Small formats gain momentum, grab attention

The coming year will see the most aggressive expansion of Neighborhood Market since the concept was introduced in October 1998.

BENTONVILLE, Ark. — Walmart’s Neighborhood Market concept finally is getting its due more than 12 years after the first unit opened in late 1998. Next year, the company expected to open between 30 and 40 small stores, the majority of which will be Neighborhood Market units, in addition to a handful of pilot stores measuring less than 30,000 sq. ft. that the company views as a potential growth vehicle for either urban or rural markets.

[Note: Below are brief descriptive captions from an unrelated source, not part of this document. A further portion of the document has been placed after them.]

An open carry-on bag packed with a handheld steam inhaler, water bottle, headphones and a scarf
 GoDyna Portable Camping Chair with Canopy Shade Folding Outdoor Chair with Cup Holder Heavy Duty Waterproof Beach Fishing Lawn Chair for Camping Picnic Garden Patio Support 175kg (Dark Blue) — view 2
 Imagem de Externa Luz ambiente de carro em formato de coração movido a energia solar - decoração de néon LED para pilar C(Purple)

The uptick in interest in smaller-format development comes as the Walmart supercenter is close to saturation. At the end of the third quarter, there were 2,882 supercenters in operation, and with next year’s plan to add between 155 and 165 supercenters, the company easily should surpass the 3,000-unit market. By comparison, there were only 181 Neighborhood Markets, four Marketside stores and two Supermercado stores. Overall, the level of capital expenditures and square footage expansion next year will remain the same as this year, with plans calling for between $7.5 billion and $8 billion spent on adding roughly 11 million sq. ft. of space.

The upshot for the coming year and beyond is that urban markets, and to a much lesser extent rural areas, represent the single greatest domestic growth opportunity available to the company, which is why there is an increased, albeit modest, amount of capital being devoted to smaller stores. However, aside from indicating that the majority of next year’s small- and medium-format stores will be Neighborhood Markets, the company has not disclosed the size or location of its experimental stores, or indicated whether they would carry a different name.

What’s clear is that there is intense interest in Walmart’s small-format plans and that the product mix is likely to include food, consumables and health and wellness due to the high-velocity nature of those categories. Plenty of retailers have experimented with or indicated they plan to open smaller stores in the years ahead, but they don’t attract the interest of Walmart due to the company’s deep pockets and the ability to expand rapidly a retail concept that meets financial 
performance targets.

In addition to the means and motive to pursue small-format growth, several things have changed since the first Neighborhood Markets stores opened in the late ’90s and fueled speculation about growth. Today, Walmart has the distinct advantage to leverage its abundant international experience as it operates thousands of small-format stores in multiple formats across multiple markets. In addition, the company has improved its sullied reputation to the point where elected officials in urban markets now are more likely to green light growth plans as evidenced by recent wins in Chicago and Washington, D.C.

That said, Walmart’s small format will remain a work in progress throughout the coming year, with any type of meaningful expansion unlikely to occur until 2012 and beyond.